Para A. Castro, el motivo de que toscos
labriegos se alzaran a la cima del prestigio literario reside en el motivo de
la honra, es decir, en la importancia para el español de la limpieza de sangre,
que le permitía situarse socialmente dentro de la casta dominante. La labranza
era el oficio del cristiano viejo, cuya ascendencia se perdía en raíces
inmemorialmente incultas y labriegas. La honra, es decir, la vivencia del honor,
es destacada en ciertos casos decisivos como la razón activa de existir los
personajes (así en Peribáñez, en El alcalde de Zalamea y en Fuente Ovejuna). Todos ellos han de
manifestar su calidad honrosa como españoles, no como genéricos seres humanos;
y han de mostrar también su derecho a
mantenerla cuando algo pone en riesgo aquella su razón de existir. El conflicto
había ido alcanzando dimensiones inmanejables a lo largo del siglo XVI; y lo
reciente del tal conflicto se manifestaba en la necesidad de poner los
labriegos bien de manifiesto, que ellos eran indiscutibles miembros de la casta
excelsa.
honor y honra
La vivencia de la honra y su expresión
dramática. El honor es, pero la honra
pertenece a alguien, actúa y se está moviendo en una vida. La lengua literaria
distinguía entre el honor como concepto, y los “casos de la honra”. En esta
época, el sentido total de la existencia se cifraba en la conciencia de no
estar ofreciendo resquicio a la embestida de la opinión ajena. Y la comedia
prosperó grandemente presentando casos de fractura y de compostura de honras
maltrechas.
Si muchos españoles no se hubieran sentido
con su personalidad íntima al desnudo, y en riesgo de hallarse socialmente a la
intemperie, el arte de Lope de Vega no hubiera sido posible, o no hubiera
hallado tan afanosa acogida entre las gentes.

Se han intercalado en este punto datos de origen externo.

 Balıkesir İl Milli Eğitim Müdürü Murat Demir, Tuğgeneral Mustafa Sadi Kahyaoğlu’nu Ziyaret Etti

En pleno siglo XVII, idos los judíos y los
moros, se seguía sintiendo, temiendo, la presencia de los unos y de los otros.
honra y limpieza
de sangre
El español del siglo XVI se sintió lanzado de golpe
a una vida en escala mayor, y brincó desde su estrechez aldeana hasta los
últimos límites del “teatro del mundo”. Al éxito seductor se arribaba por vía
del merecimiento personal o de la proeza súbita, no por la mutación despaciosa
de las cosas y de las ideas, sin conexión directa con las virtudes de la
persona. Se solicitaban mercedes de Dios, del rey o del gran señor. El ámbito
de lo merecible y la conciencia de ser merecedor iban dilatándose a medida que
avanzaba el siglo XVI.
En primer lugar, toda forma de trabajo
técnico o mental parecía cosa de moro o de judío. Ser español cristiano hacía
sumamente difícil salir de uno mismo y el sentirse elevado con la labor del
intelecto o de las manos. La conciencia del valor de la persona tenía que permanecer
íntegra, sin quedar sumida ni olvidada en el valor de la idea o del artefacto
lanzados al público. El español criatiano era como era por sentise existiendo
en una creencia, opuesta bélica y socialmente a otras creencias. Y de esa y
básica situación íntima arrancaba la conciencia de su fuerza y de su identidad.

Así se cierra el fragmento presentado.